That it has survived so
far is thanks to a series of financial confidence tricks, of which
the latest example is Juncker’s implausible scheme to convert €21
billion of equity into a €315 billion slush fund to relaunch the
European economy. This amounts to no more than wishful ravings,
though it would be financially disastrous if by some malign chance it
were put into effect.
Things cannot go on
like this, and this month we have witnessed a series of telling signs
that the eurozone has turned back into a danger zone. On Monday, we
learnt that France and Italy will soon breach their fiscal limits.

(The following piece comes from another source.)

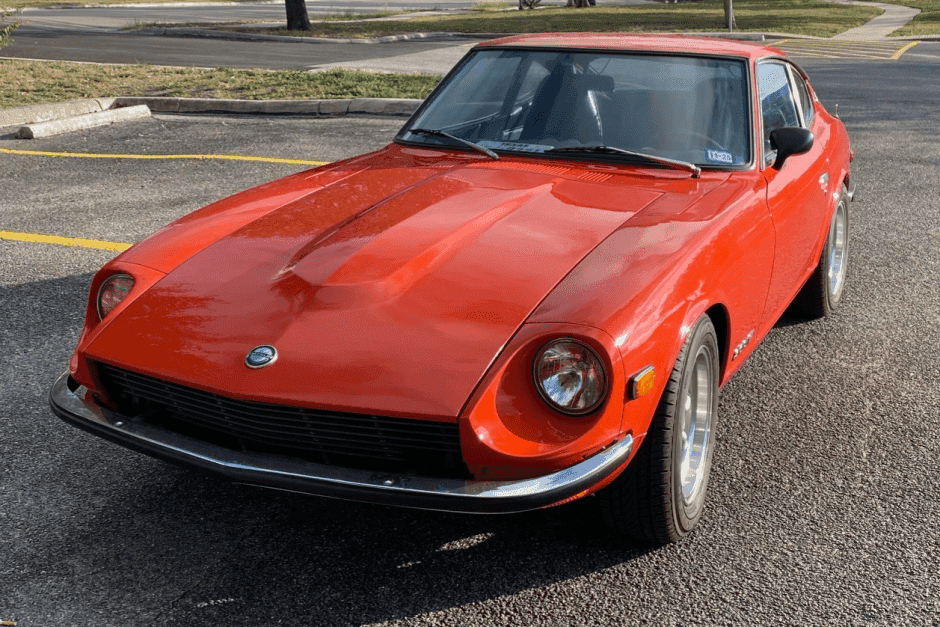 1974 Datsun 260Z sold for $12,500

There are signs of disharmony at the European Central Bank – yet
more proof that no central bank can exert real authority without a
state behind it.
The ECB is racking up
worthless sovereign debt and bank loans in its doomed battle to save
the eurozone: in due course there will be an almighty row about who
will pay up for the black hole.
Hopes that economic
growth will float the eurozone off the rocks have been extinguished
by forecasts of stagnation from the cruelly realistic ECB.
Meanwhile the eurozone
has been plunged into deflation, meaning that in real terms the value
of debt will rise, a chilling repeat of the European experience of
the Thirties.
Most deadly of all is
the resurrection of the Greek debt horror. The country is
ungovernable and on Tuesday the president was (quite rightly) sacked,
opening up the possibility of a spring general election, and thus
causing the biggest collapse on the Athens stock market in 27 years.
We are very close now
to Karl Marx’s moment of alignment. The political structure must be
made to fit the economic reality, or vice versa. Bear in mind that
the single currency will only work with a single economic policy, a
single treasury, a single system of taxation and spending, a single
national parliament and single political identity.
Europe’s incapable
leadership have been trying to avoid this inevitable outcome. But the
looming financial catastrophe will force them to confront it. It will
be very frightening indeed for tens of millions of families, all the
more so because Europe’s self-imposed economic disaster has
destroyed the authority of mainstream parties, politicians and
democratic institutions.
I guess that two things
will emerge, along with a new social order, out of the chaos. Many
countries – Greece and Italy among them – will abandon the lunacy
of the euro.
Consolidation will take
place at the centre. France, Belgium and a few others will realise
Jean Monnet’s dream and come together to form a new state, which
will have Germany at its centre.
I admit that it is
parochial and self-regarding to consider the consequences for
Britain, but they are promising. So far, David Cameron’s campaign
for a treaty negotiation to accommodate British sensibilities has
seemed selfish and hopeless. But the outlook would change with a new
European architecture based around a greater Germany. Expect a
two-tier Europe (of the kind advocated by Jacques Delors in 2005)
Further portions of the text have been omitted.